*** Supplied data Section Begins ***

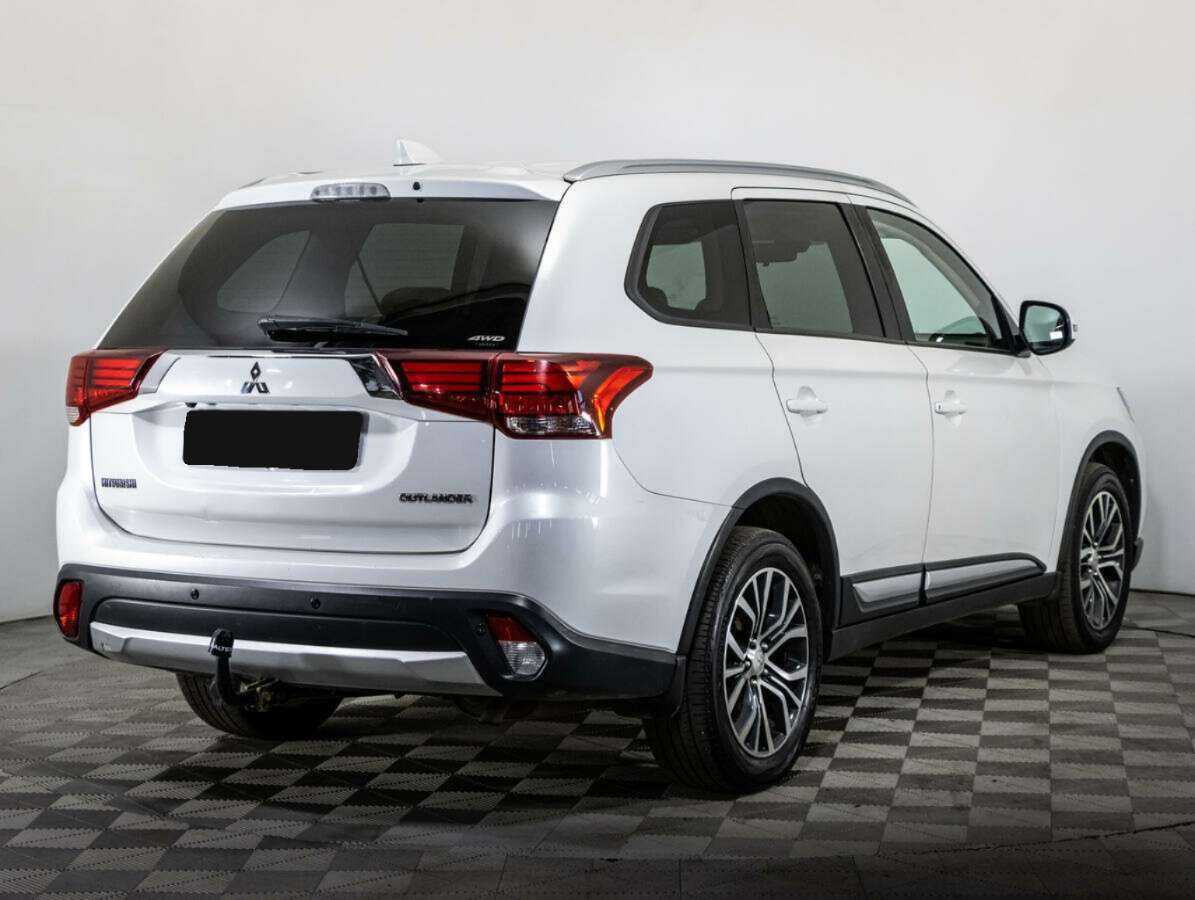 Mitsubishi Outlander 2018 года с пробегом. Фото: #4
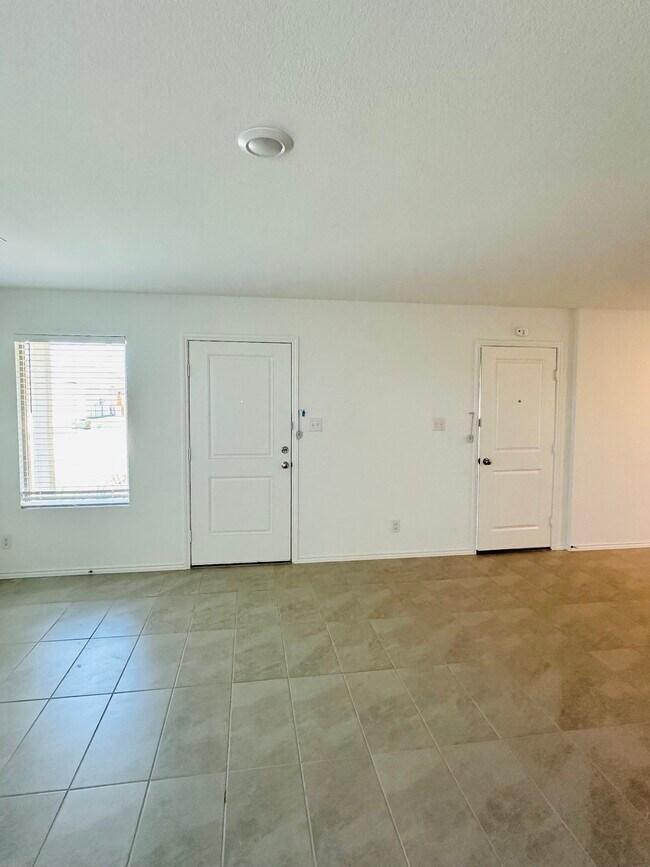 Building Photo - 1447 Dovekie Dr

*** Supplied data Section Ends ***
*** Supplied data Section Begins ***

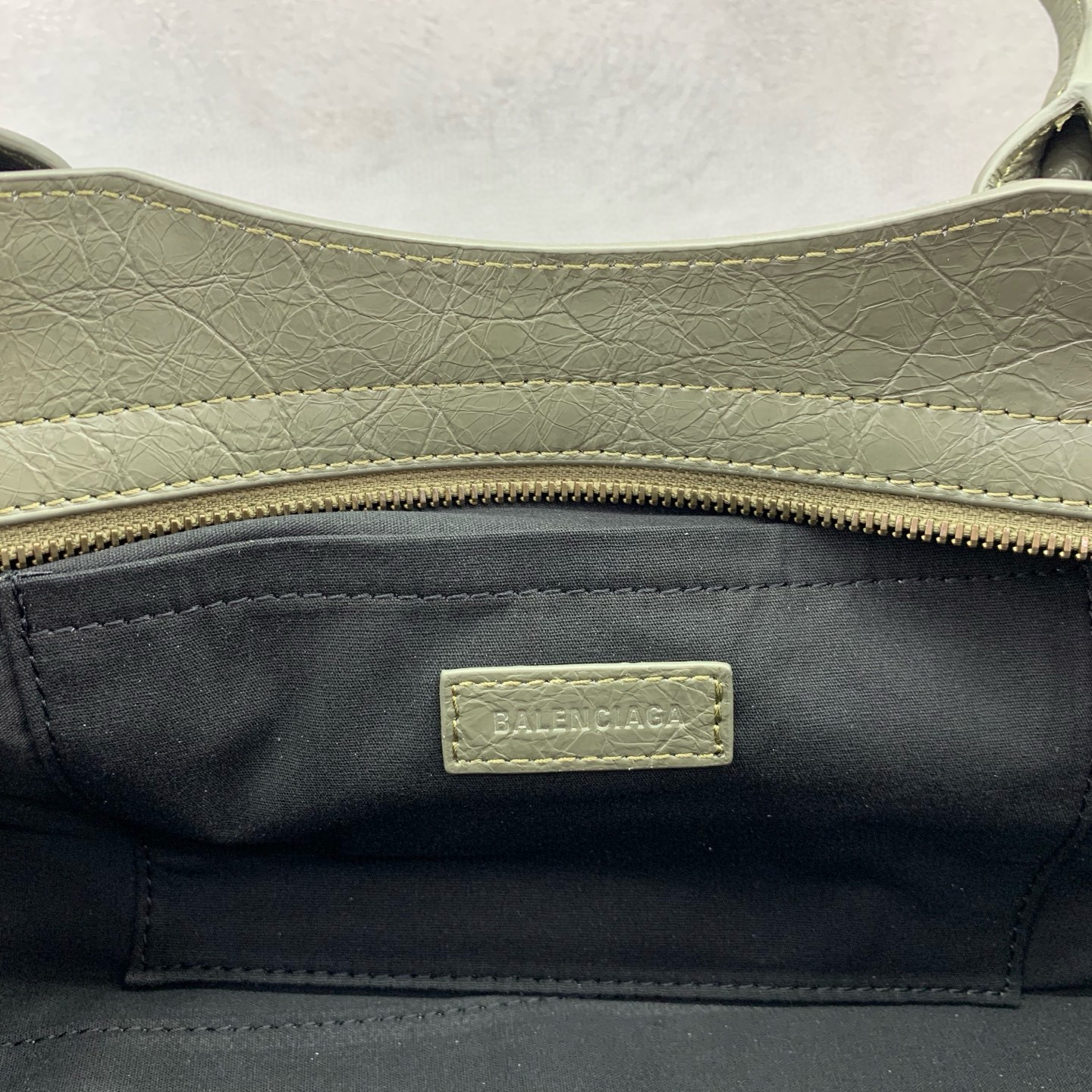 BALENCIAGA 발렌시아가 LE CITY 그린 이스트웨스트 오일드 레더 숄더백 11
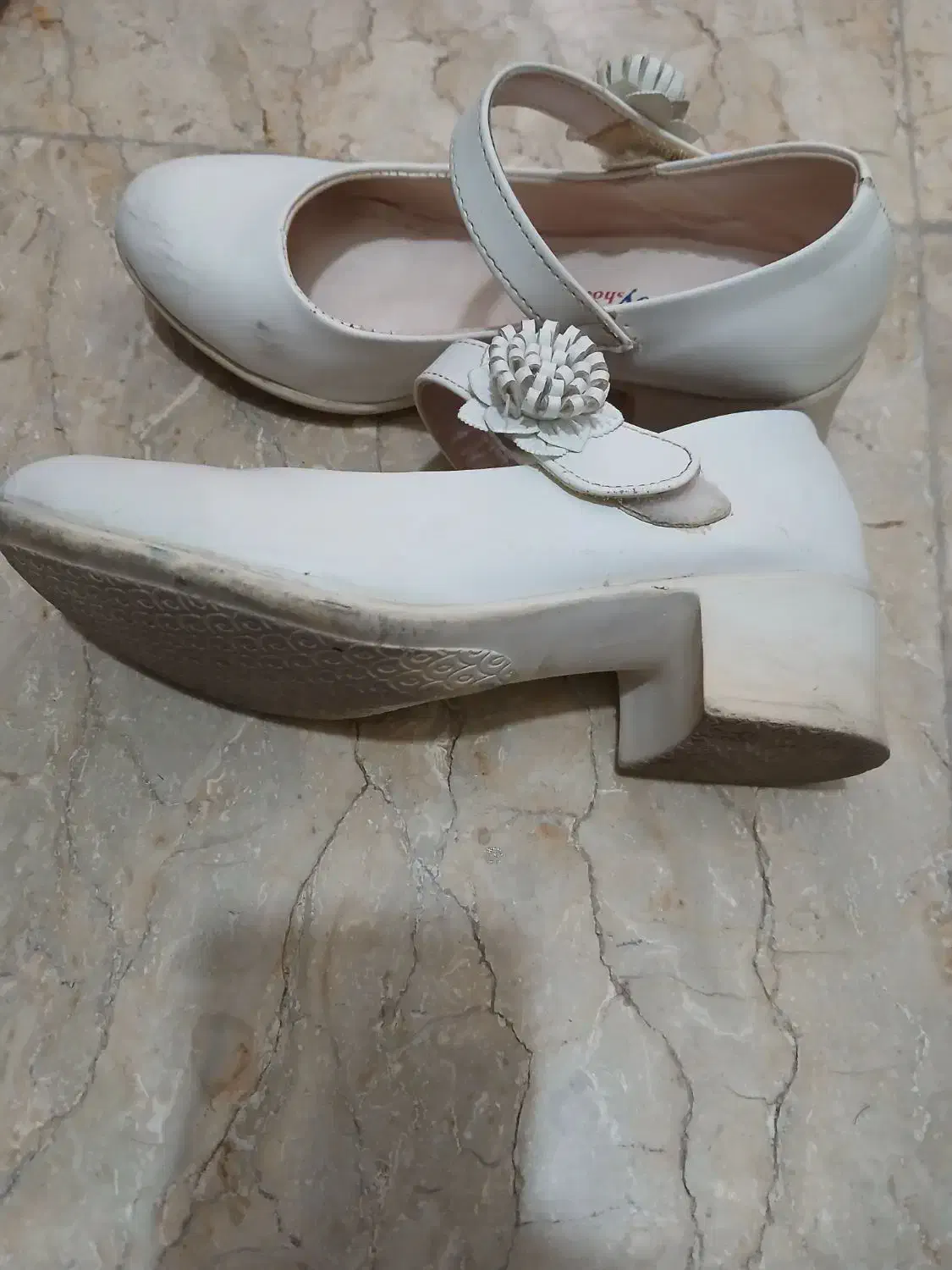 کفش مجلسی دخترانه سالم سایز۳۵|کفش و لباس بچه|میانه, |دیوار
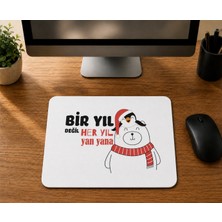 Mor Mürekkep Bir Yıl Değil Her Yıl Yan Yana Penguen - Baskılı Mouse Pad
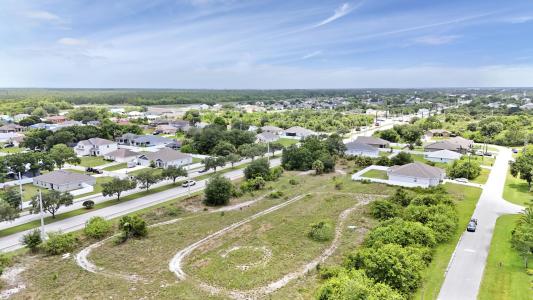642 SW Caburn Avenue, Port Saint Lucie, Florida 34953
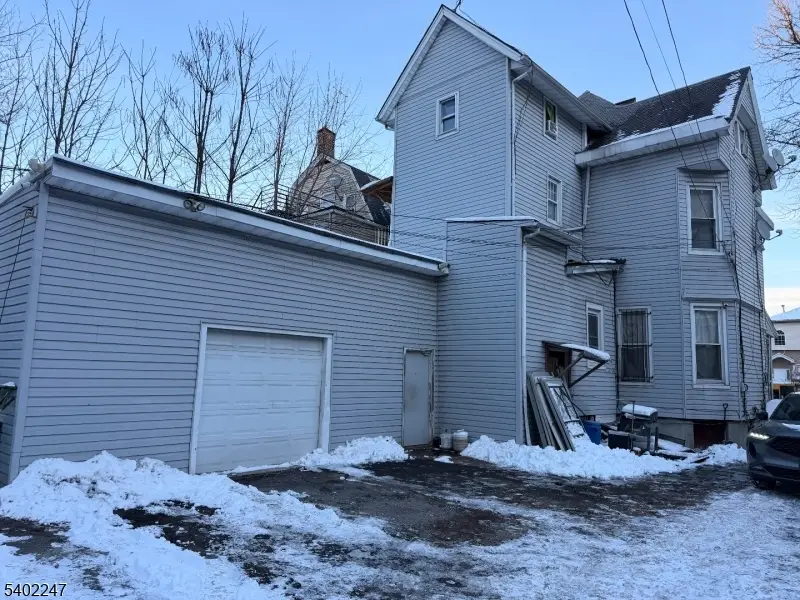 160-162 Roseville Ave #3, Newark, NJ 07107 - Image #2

*** Supplied data Section Ends ***

Print the part of the listing above that opens with the line containing "Mitsubishi Outlander 2018" and closes with the line containing "Building Photo - 1447 Dovekie Dr". Copy it exactly, both ends included, and omit the pictures.

 Mitsubishi Outlander 2018 года с пробегом. Фото: #4
 Building Photo - 1447 Dovekie Dr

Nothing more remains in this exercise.